The underlying insurance policy was issued by Certain Underwriters at Lloyd’s London and contained an arbitration clause. The court applied the Convention on the Recognition and Enforcement of Foreign Arbitral Awards (also known as the New York Convention) under the FAA. The court found that all four requirements under the Convention were met. The court easily determined that there was a written agreement and that the agreement arose out of a commercial relationship.

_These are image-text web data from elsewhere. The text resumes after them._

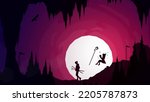 samurai boy anime wallpaper. samurai boy walking with two swords. samurai boy with oni mask on head. floating witch reading a book. witch with magic wand. cave walpaper.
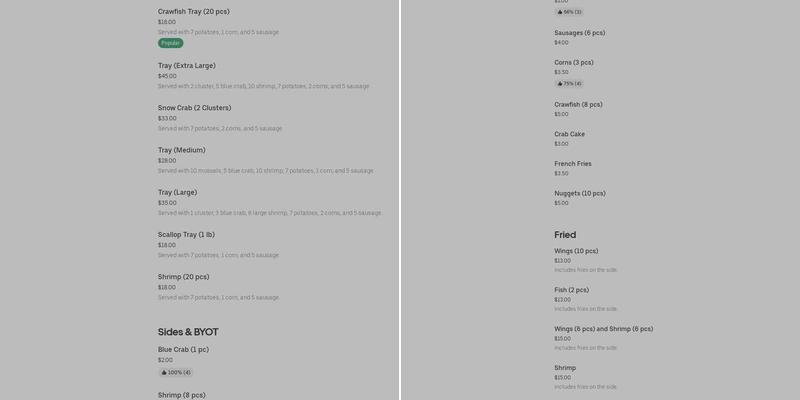 Live Blue Crab Market Menu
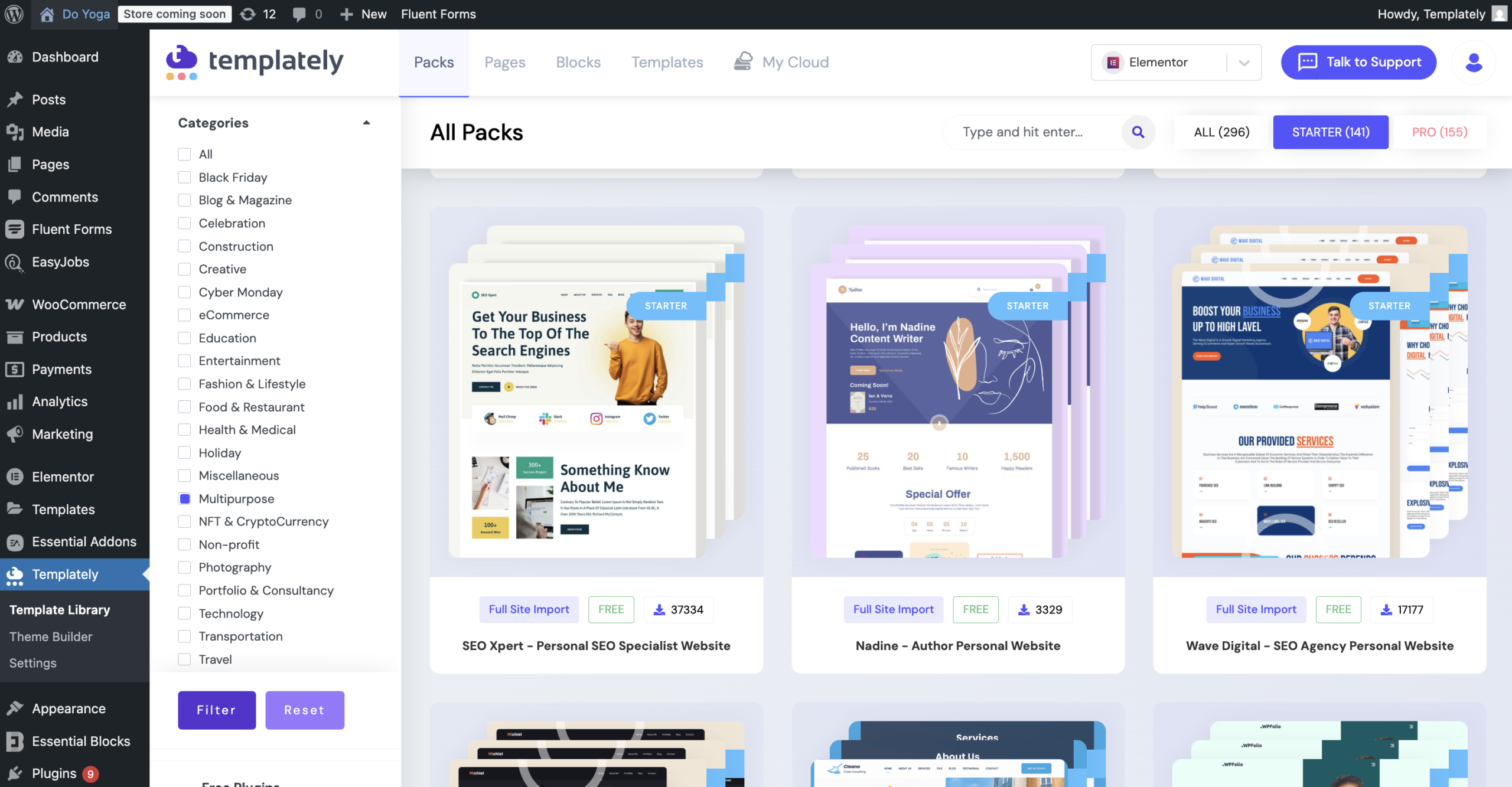 Choose Template Pack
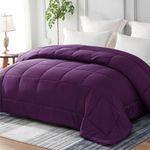 Whale Flotilla Reversible Duvet King Size for All Seasons, 7.5 Tog Down Alternative Box Sitiched Duvets, Lightweight and Machine Washable, 220x240 cm, Purple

With respect to the requirement that the agreement provide for arbitration in the territory of a signatory of the Convention, the court found that the requirement was met where the insurance policy (although separate from the arbitration clause), provided that “any action brought against [the insurer] must be in the United States of America, ‘in a court having proper jurisdiction.'” And regarding the final requirement of the Convention, that a party to the agreement is not an American citizen or that the commercial relationship has a reasonable relation with a foreign state, the court found it was met because a portion of the insurance policy was subscribed to by Lloyd’s Syndicate 2001, which is wholly owned by a company that is organized and principally based in the United Kingdom.
Although Section 3 of the FAA states that district courts “shall” stay proceedings pending arbitration upon the motion of a party, the court found that it is appropriate to dismiss the lawsuit where all of the issues presented are arbitrable and the plaintiff has not requested a stay. The complaint only raised one claim, which the court found subject to arbitration, and the plaintiff did not respond to the motion to compel or otherwise request a stay. As a result, the court dismissed the complaint with prejudice.
German Int’l Sch. of Fort Lauderdale, LLC v. Certain Underwriters at Lloyd’s, London, No. 0:19-cv-60741 (S.D. Fla. May 14, 2019).